State Senators John J. Bonacic (R/I/C - Mt. Hope) and William J. Larkin, Jr. (R/C - Cornwall-on-Hudson), today said they planned on convening a forum in April with the goal of crafting legislation to create a regional school focusing on technology, math, science & engineering.

Given a "working name" by the Senators of the "Hudson School of Math, Science & Engineering", Bonacic and Larkin said a regional effort should be started to ensure that "our children are not left behind, and that leading educational opportunities are brought to their doorstep."

In November of 2005, Governor George Pataki signed into law the Tech Valley High School Act (S.5729), a joint collaboration between two Boards of Cooperative Services (BOCES) serving the greater Albany region.

Senator Bonacic said, "Albany and SUNY Albany have received substantial State assistance in the technology development area and young people in that area will benefit from it. We are the fastest growing region in the State and a regional school with a focus on the jobs of tomorrow would be an asset to our young people."

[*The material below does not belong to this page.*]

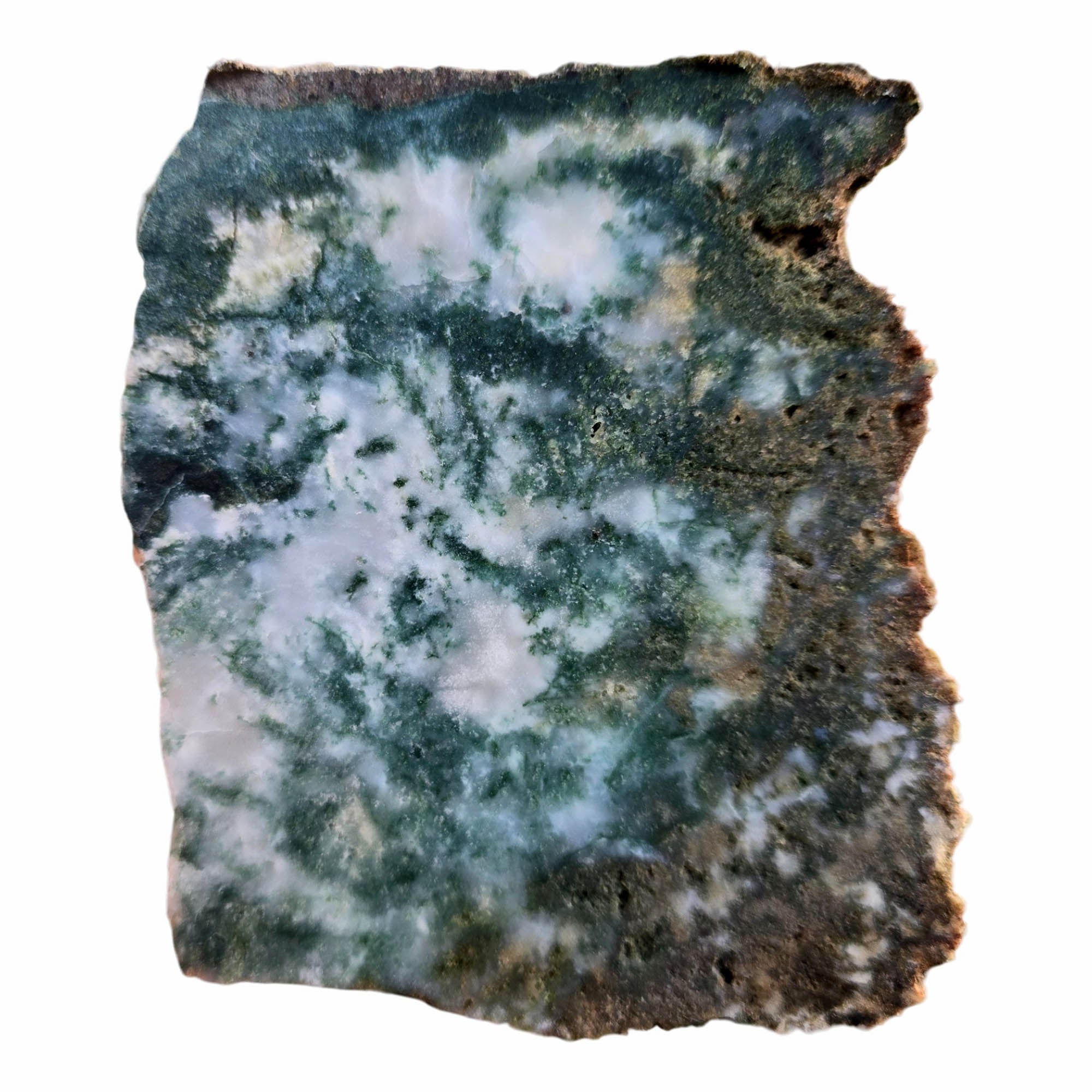 Ochoco Tree Agate Slab - Green Moss on White - Quant Family Legacy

Senator Larkin said, "We are breaking new ground in secondary education. The vision for a Hudson Valley School of Math, Science and Engineering revolves around the desire to aggressively develop new talent in these fields. This type of academic institution, with unlimited scholastic challenges and opportunities, recognizes the unlimited potential of young minds and will help shape leaders and thinkers for the future of New York. This is an ambitious and

exciting undertaking, but we are committed to making it work for our talented secondary students knowing the contributions and future global impact they will make. I look forward to bringing our local leaders in education together for a thorough discussion about this concept and our goals for the future."

Under the Tech Valley High School Law signed by Governor Pataki, two BOCES districts will collaborate to build a regional school which will concentrate on technology. Under current law, BOCES districts offer vocational training, but students still attend their home school district for core curriculum activities such as English, Social Studies, Math, and Science.

"In New York City, Mayor Bloomberg is opening 'super-schools', giving kids opportunities they do not have in a traditional high school setting. We envision an academic setting focusing on technology based jobs - particularly concentrating in math and science, so our children who are particularly interested in these subjects can compete against the best in this worldwide economy," the Senators said.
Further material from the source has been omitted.